The class label names are stored in a separate file. Let's load them in another DataFrame called landsat_labels and inspect.

# Read classes and display
labels_path = os.path.join(os.getcwd(), 'datasets', 'landsat', 'landsat_classes.csv')
landsat_labels = pd.read_csv(labels_path, delimiter = ',', index_col=0)
landsat_labels

Pandas provides the to_dict() method which can be used to transform a DataFrame into a python dictionary. It will normally return a dictionary of dictionaries, one for each column in the DataFrame. Since we only have one column in landsat_labels, we can use its name to access it and end up with a single dictionary.

# Turn the labels dataframe into a dictionary
# We only have one column in the DataFrame
landsat_labels_dict = landsat_labels.to_dict()["Class"]
landsat_labels_dict

{1: 'red soil',
 2: 'cotton crop',
 3: 'grey soil',
 4: 'damp grey soil',
 5: 'soil with vegetation stubble',
 6: 'mixture class (all types present)',
 7: 'very damp grey soil'}

Seaborn¶

Seaborn is a visualisation library built on top of matplotlib which offers some aesthetic enhancement and, more importantly, provides some high-level functions for "exploring and understanding data". Seaborn is also tightly integrated with pandas and provides support for both numpy and pandas data structures.

Visualising distributions¶

As a first visualising step, we want to get a feel for the distribution of the various features in the dataset.

For this purpose, we can use the seaborn distplot() function which combines a histogram with a kernel density estimate plot. Make sure you read the documentation of this function to understand how it can be used.

We have a total of 36 features (9 pixels $\times$ 4 spectral bands) and we will produce one distplot for each feature.

Execute the cell below to visualise the univariate distributions and kernel density estimates.

You should spend some time here to make sure you understand what each line of code does in this cell.

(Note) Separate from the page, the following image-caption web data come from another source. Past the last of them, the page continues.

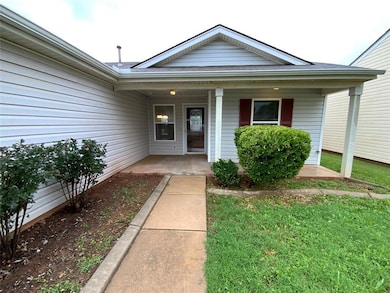 View of exterior entry featuring a porch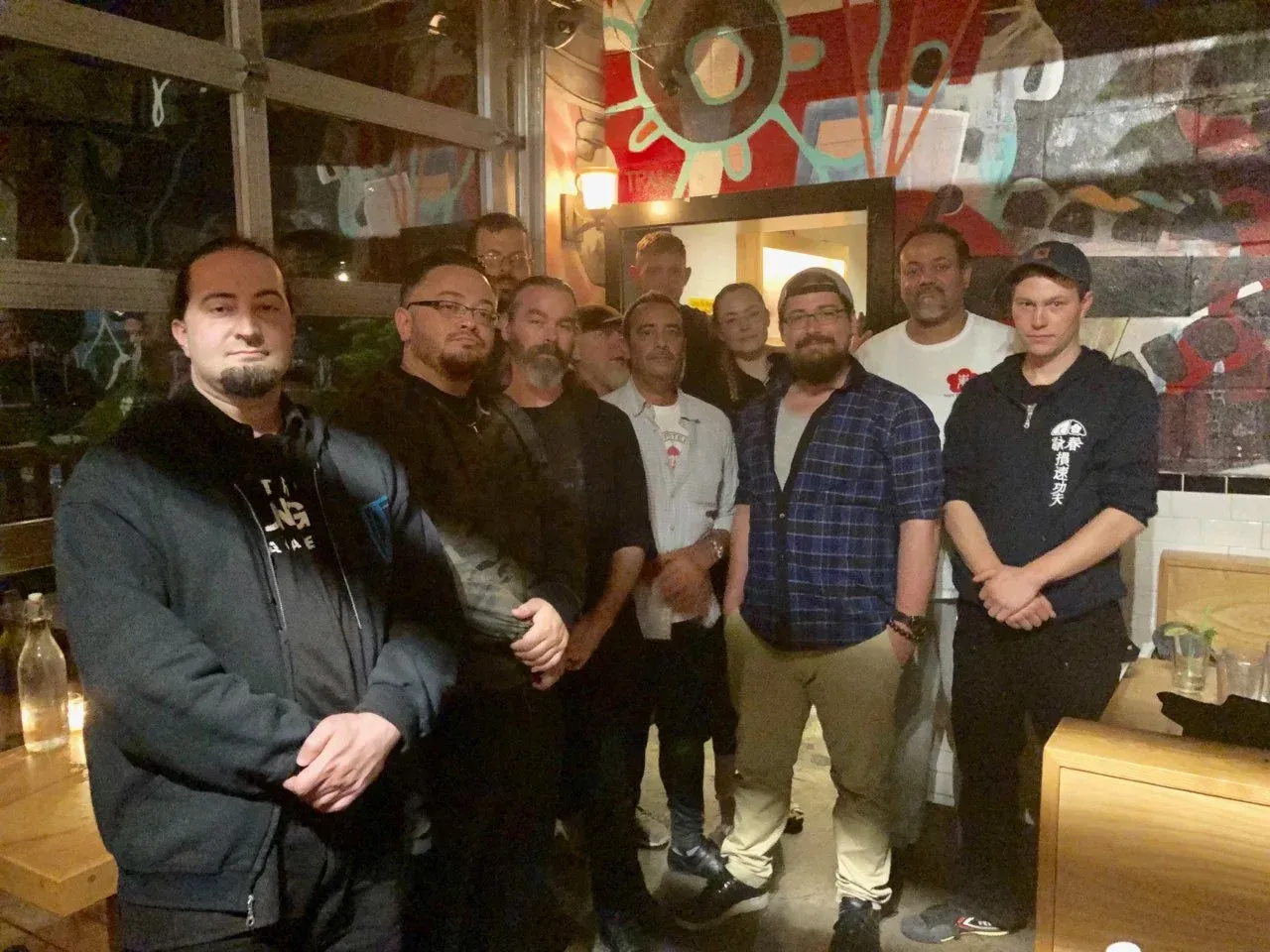 A group of men are posing for a picture in a room.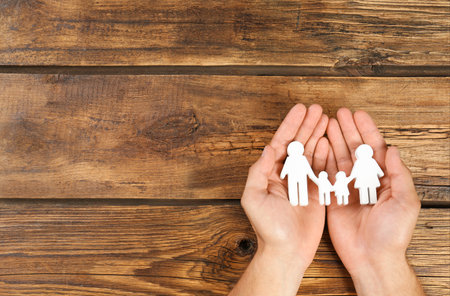 Young man holding family figure in his hands against wooden background, top view. Space for textの写真素材
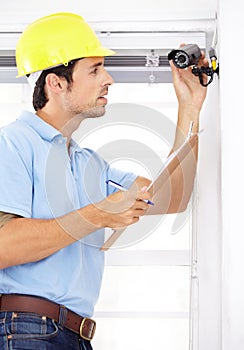 Technician man, clipboard and security camera for home CCTV installation and documents for safety or maintenance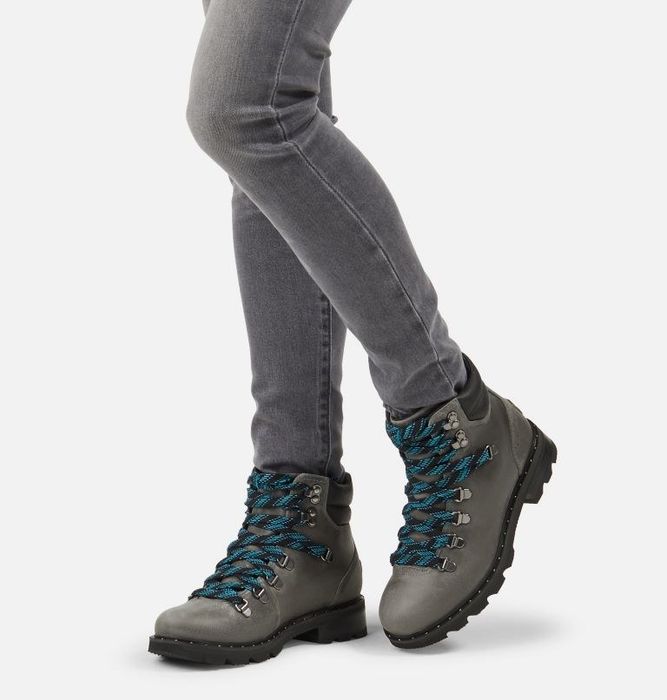 Model showcasing ankle-height booties with a black sole, grey upper, and blue-and-black striped laces.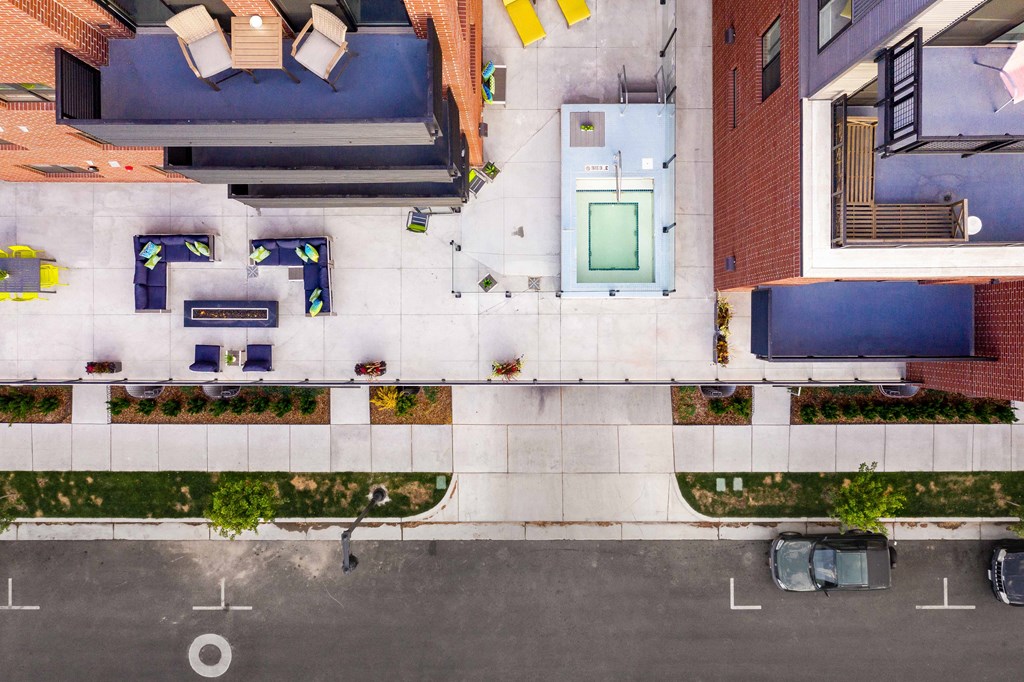 a birdseye view of a building with a blue door and a white facade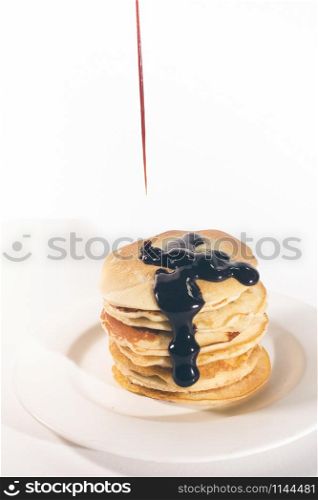 pancakes, stacked on a white plate, are topped with chocolate.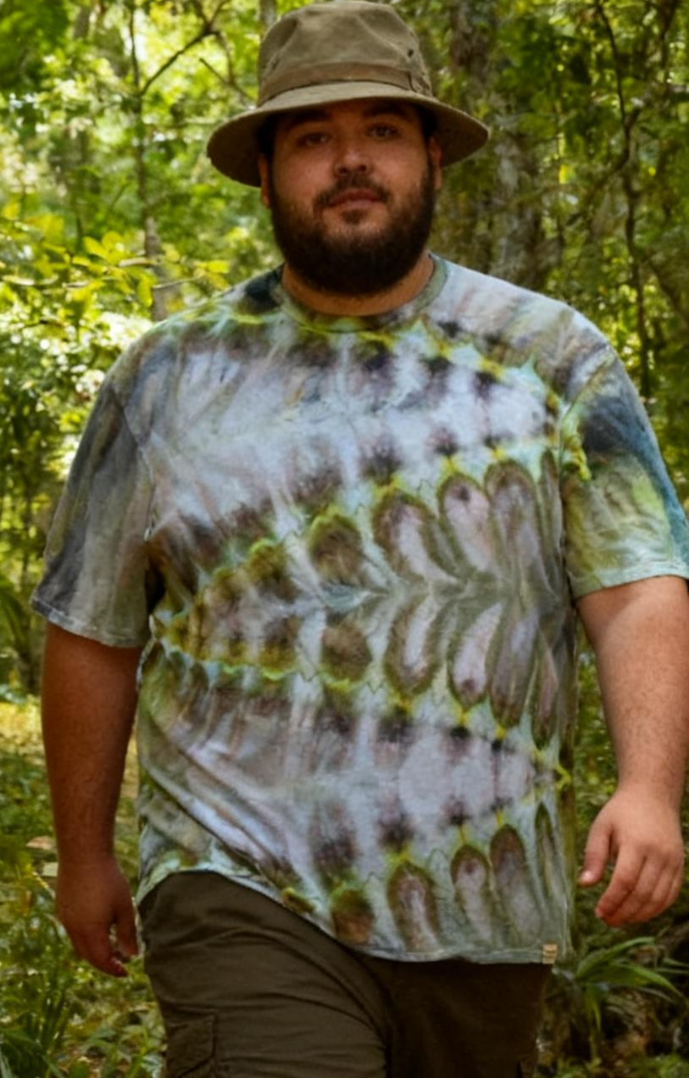 male model wearing a tie-dye shirt in a forest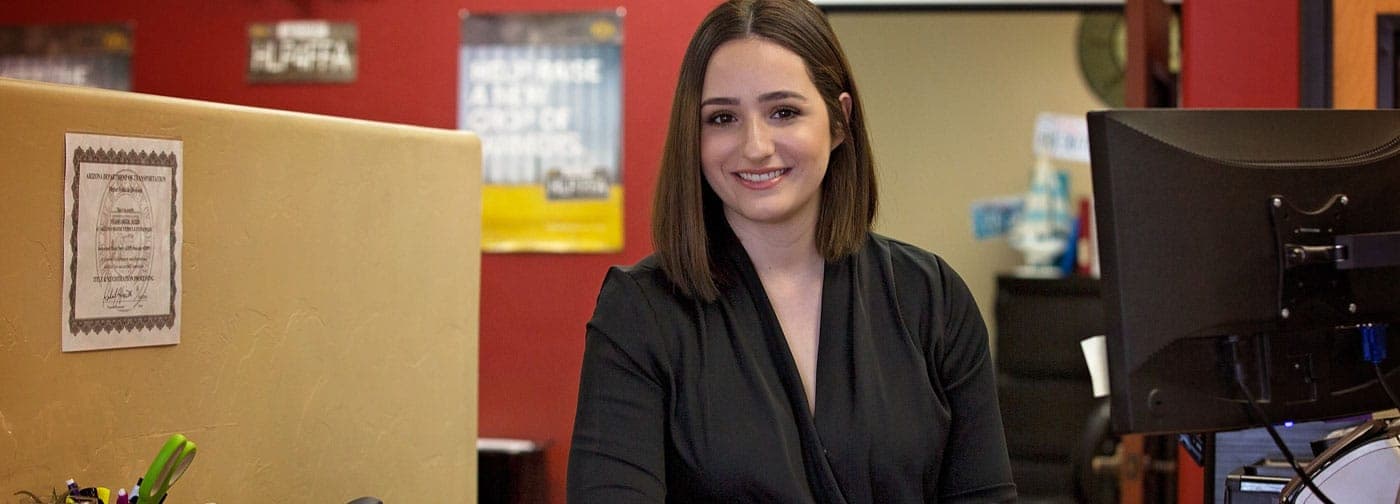 An Arizona Motor Vehicle Express team member at the front counter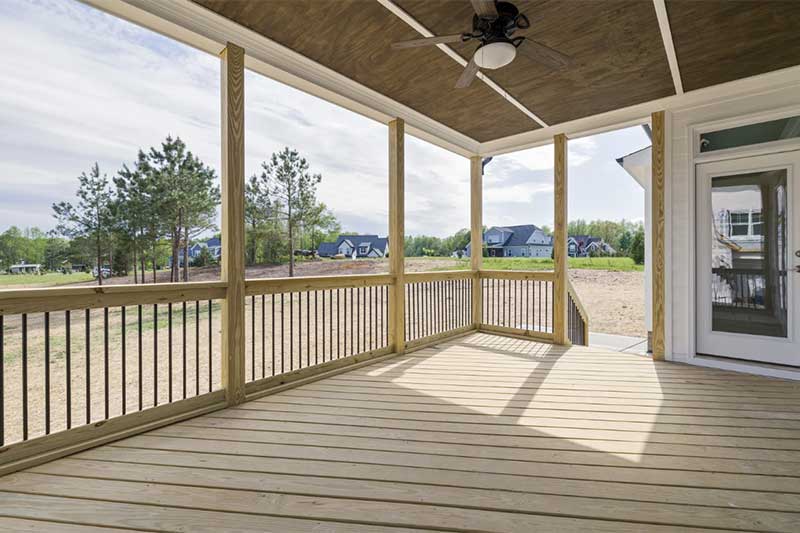 A newly constructed covered deck awaiting staining and finish on a newly constructed home.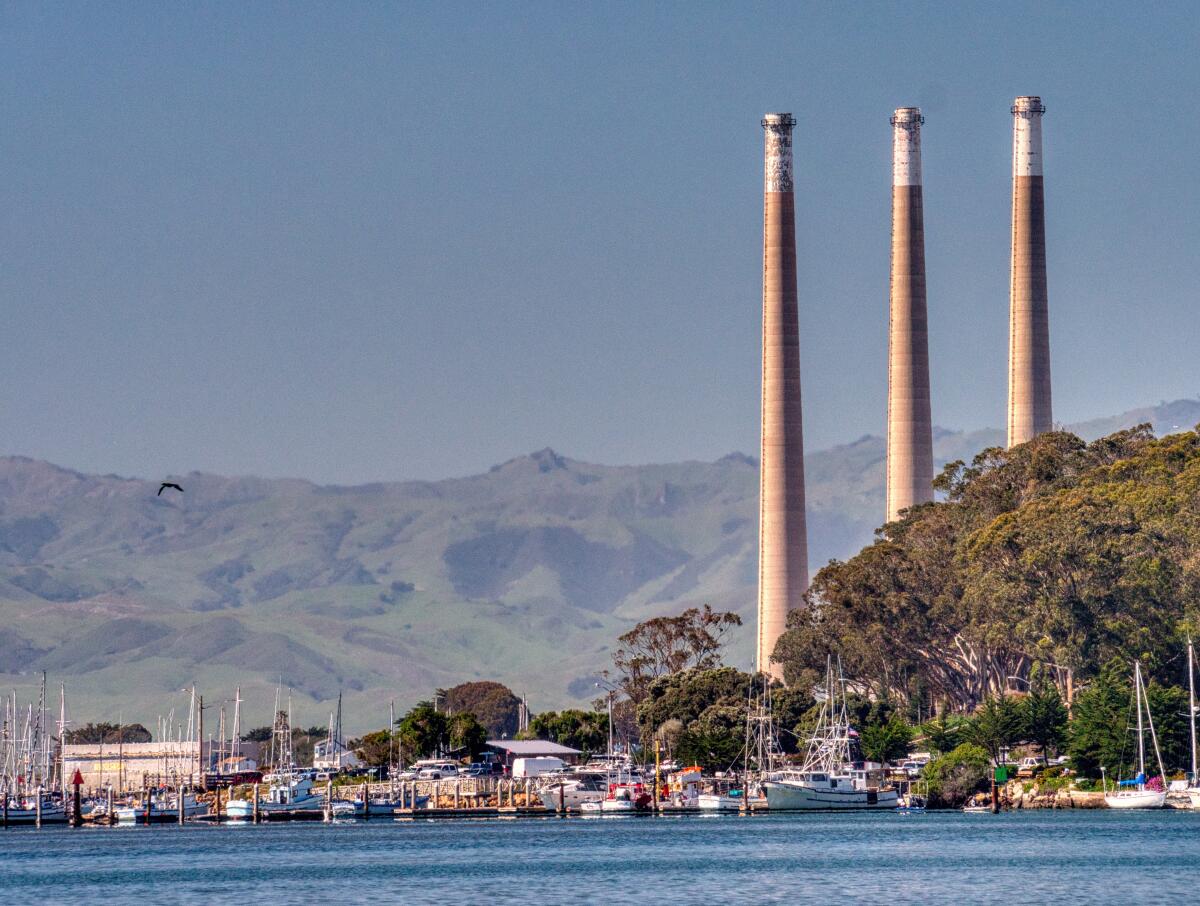 Three tall smoke stacks tower over the landscape, with a harbor in the foreground.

fig, ax = plt.subplots(9,4, figsize=(17,17)) # Figure with 9 rows and 4 columns
pixels = np.arange(1,10) # Pixel values (1-9)
bands = np.arange(1,5) # Spectral band values (1-4)
for ii, pixel in enumerate(pixels):
    for jj, band in enumerate(bands):
        variable_name = 'pixel_' + str(pixel) + '_' + str(band) # Get the variable name of interest
        sns.distplot(landsat_train[variable_name], ax=ax[ii][jj], kde=True) # Use a single feature at a time
        ax[ii][jj].xaxis.label.set_visible(False)
[ax[0][ii].set_title("Band {}".format(band)) for ii, band in enumerate(bands)] # Set band titles for top plots
[ax[ii][0].set_ylabel("Pixel {}".format(pixel)) for ii, pixel in enumerate(pixels)] # Set pixel titles for left-most plots
fig.tight_layout()
plt.show()

========== Question 3 ==========¶

It seems like intensity distributions for the different pixels are similar within the same spectral band. Is this surprising? If not, explain why.

Your answer goes here

This is somehow expected given the procedure followed to generate the dataset; the same pixels might appear in different positions (1-9) across the entries in our dataset (remember that many 3 $\times$ 3 were extracted from the same image).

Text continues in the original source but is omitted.